Suppose then that there are two simple hypotheses \(\mathcal{H}_{0}\) and \(\mathcal{H}_{1}\), covering all possibilities. This means that one or the other of the two is necessarily true. In this case, it is possible to make one of the two judgments:
- \(\mathcal{H}_0\) is true, therefore \(\mathcal{H}_{1}\) is false
- \(\mathcal{H}_{1}\) is true, therefore \(\mathcal{H}_{0}\) is false
We can symbolize this set by the table below where the possible states are in the first row and the judgments made are in the first column. The table contains the consequences of the different combinations.
| Realised state | ||
|---|---|---|
| Judgment | \(\mathcal{H}_0\) is realised | \(\mathcal{H}_1\) is realised |
| \(\mathcal{H}_0a\) accepted | Correct judgment | False judgment |
| \(\mathcal{H}_1\) accepted | False judgment | Correct judgment |
Among the two hypotheses, \(\mathcal{H}_{0}\) and \(\mathcal{H}_{1}\), there is generally one whose incorrect rejection has more serious consequences than the other. It is therefore normal not to treat the two hypotheses symmetrically. Thus, we can make two types of errors:
- Type I error, which is the probability of rejecting \(\mathcal{H}_{0}\) when \(\mathcal{H}_{0}\) is true
- Type II error, which is the probability of accepting \(\mathcal{H}_{0}\) when \(\mathcal{H}_{1}\) is true To link the judgment made to the observation of the variable \(X\), we proceed as follows:
- We say that we accept \(\mathcal{H}_{0}\) if the observed value of \(X\), say \(x\), is in a certain domain \(\mathcal{A}\) called the acceptance region of the hypothesis \(\mathcal{H}_{0}\).

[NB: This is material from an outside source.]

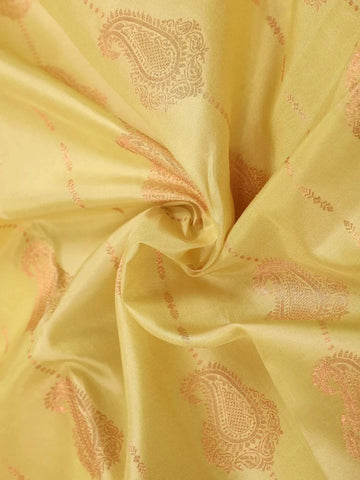 Sandal Pure Kanchipuram Bridal Silk Saree with Paisley Motifs on the Body and without Border - Diadem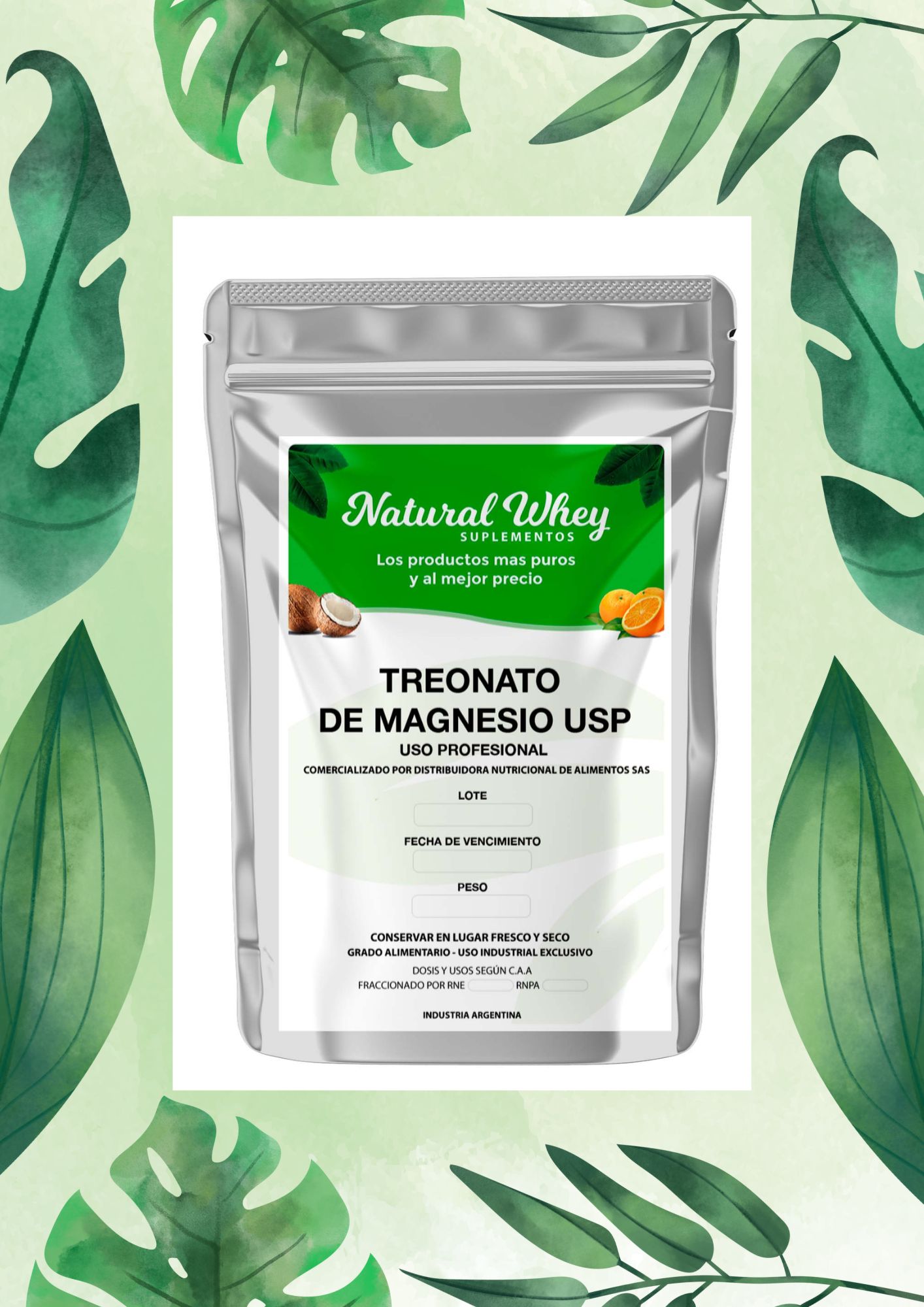 NATURAL WHEY TREONATO DE MAGNESIO 5 GRS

- We say that we reject \(\mathcal{H}_{0}\) and accept \(\mathcal{H}_{1}\) is the observed value belongs to \(\bar{\mathcal{A}}\), called the critical region or rejection region.

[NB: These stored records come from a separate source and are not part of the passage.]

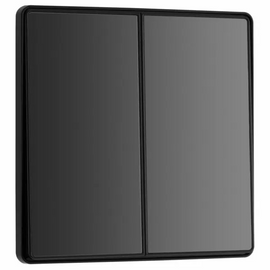 BG Evolve Black Chrome 2 Gang 2-Way 20A Edge to Edge Rocker Light Switch | PCDBC42EB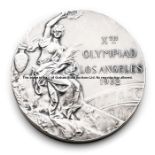 Los Angeles 1932 Olympic Games silver second place prize medal, designed by Prof. Giuseppe Cassiolo,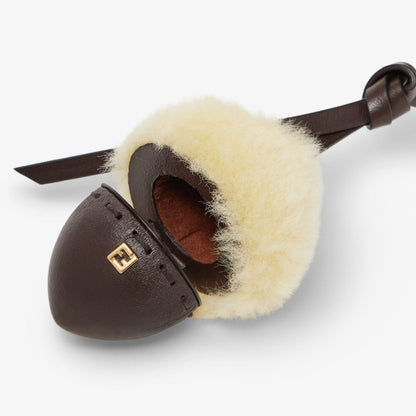 Acorn Charm Brown leather and yellow shearling charm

To choose the domain \(\mathcal{A}\), we generally impose two conditions:
- The probability of making a type I error is equal to a determined threshold \(\alpha\) chosen a priori as small as desired
- The probability \(\beta\) of making a type II error is minimal
In general, the first condition is not sufficient to uniquely define \(\mathcal{A}\). We have now:
| Realised state | ||
|---|---|---|
| Judgment | \(\mathcal{H}_0\) is realised | \(\mathcal{H}_1\) is realised |
| \(\mathcal{H}_0a\) accepted, realisation of \(\{ X \in \mathcal{A}\}\) | Correct judgment \(1 - \alpha\) | False judgment, type II error \(\beta\) |
| \(\mathcal{H}_1\) accepted, realisation of \(\{ X \notin \mathcal{A} \}\) | False judgment, type I error: \(\alpha\) | Correct judgment, \(1 - \beta\) |
Such a model of reasoning is called hypothesis testing. The complement to one of \(\beta\), i.e., \((1 - \beta)\), is called the power of the test: a test is more powerful for a fixe type I error, the smaller the type II error risk. The hypothesis \(\mathcal{H}_{0}\) on which the test will be conducted is called the null hypothesis.

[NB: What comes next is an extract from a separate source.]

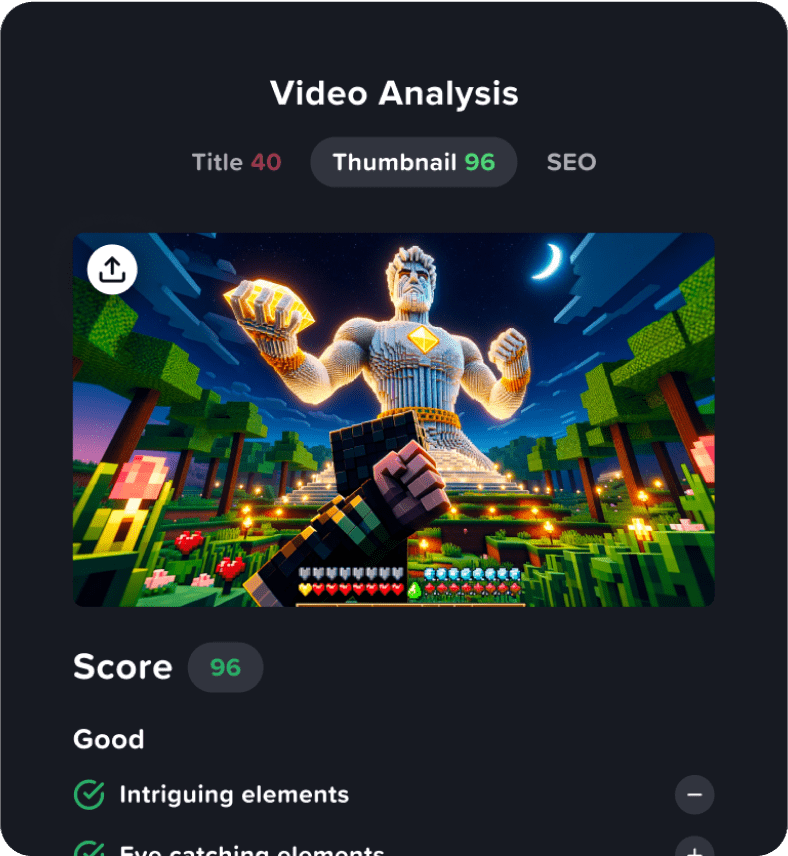 Product Screenshot of vidIQ Optimize Feature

Case of composite hypotheses
In real life, often the problem is not to chose between two simples hypotheses \(\mathcal{H}_{0}\) and \(\mathcal{H}_{1}\), but between a simple hypothesis \(\mathcal{H}_{0}\) and a set of hypotheses \(\mathcal{H}_{1}, \mathcal{H}_{2}, \ldots , \mathcal{H}_{n}\) or a continuous set of hypotheses \(\mathcal{H}\). We can reduce the first problem by succesivelely comparing \(\mathcal{H}_{0}\) to each \(\mathcal{H}_{i}\) and find regions \(\mathcal{A}_{i}\). We thus obtain a set of acceptance regions \(\mathcal{A}_{1}, \mathcal{A}_{2}, \ldots , \mathcal{A}_{i}, \ldots , \mathcal{A}_{n}\). In a spacial case, the acceptance regions have a common part \(\mathcal{A}\). In this domain, the test used is said to me uniformly most powerful (UMP). Indeed, when \(\mathcal{X}\) falls in \(\mathcal{A}\), the type I error risk is equal to \(\alpha\) and the type II error risk is minimal, whatever the hypothesis \(\mathcal{H}\) verified. Thus, depending on the form of the alternative hypothesis \(\mathcal{H}\) we are led to choose to concentrate the risk \(\alpha\) at one end of the distribution or, on the contrary, to distribute it at both ends.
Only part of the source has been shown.